Are you familiar with leveraged ETF? For those who don’t know, here is the description from Investopedia.com:
An exchange-traded fund (ETF) that utilizes financial derivatives and debt to amplify the returns of an underlying index.
These ETFs are usually double (2x) or triple (3x) the underlying index. For example:
- SSO is a double (2x) leverage ETF of S&P 500 from ProShares. It means, when S&P 500 goes up 1% on a single day; this ETF goes up 2% in price. On the other hand, when S&P drops 2%, this ETF drops 4%.
- EDC is triple (3x) leverage ETF of MSCI Emerging Markets Index from Direxion. It means when the index goes up 1%, this ETF goes up 3% in price. The same is true for the downside.
Is this an easy to way to get rich quickly? When these ETFs were pretty new in the market a couple of years ago, we think it is. We were dreaming that we could easily beat the index by investing in these ETFs. We didn’t do more research at that time. We invested *a lot* of money in a couple of leveraged ETFs. What happened then? We were totally doomed, especially during the recession.

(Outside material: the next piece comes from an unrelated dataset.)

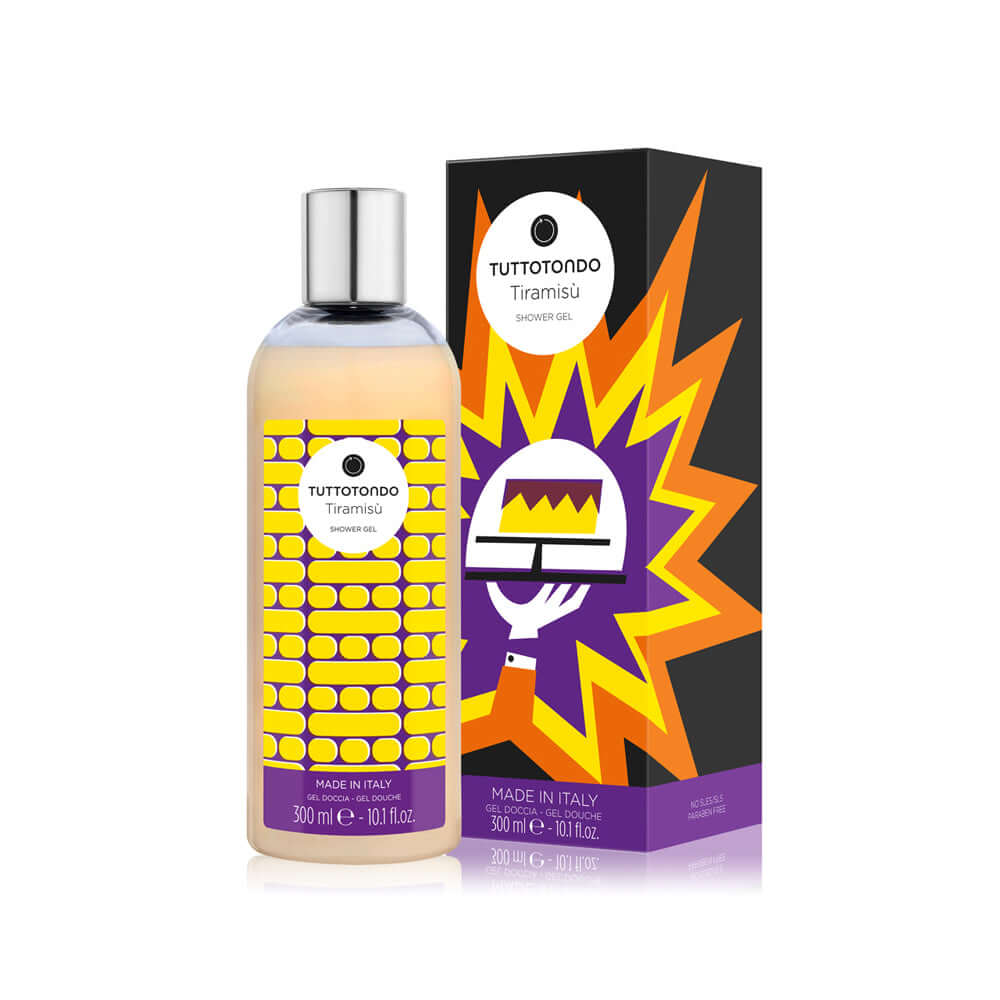 Tiramisù Gel Doccia 300ml by Tuttotondo in colorful packaging, enriched with cocoa and coffee extracts.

These ETFs amplify the underlying index only on a single day. It doesn’t accumulate for longer period of time. Let’s take an example:
- Day 0: S&P 500 is at 1,000. Our triple leveraged ETF for S&P 500 is at $100.
- Day 1: S&P 500 goes down by 10% to 900. Our ETF drops 30% to $70.
- Day 2: S&P 500 goes up by 12% to 1008. Our ETF goes up by 36% to $95.2.
As you can see, after the second day, S&P 500 is higher than day 0; but our ETF is still below day 0.
The chart below the comparison of SSO and S&P 500 from June 2006 to today. As you can see here, the return of S&P 500 in this period is –11.66%. However, the return of SSE is –46.93%.
Be really careful when investing in leveraged ETFs. We don’t invest in any of leveraged ETFs today.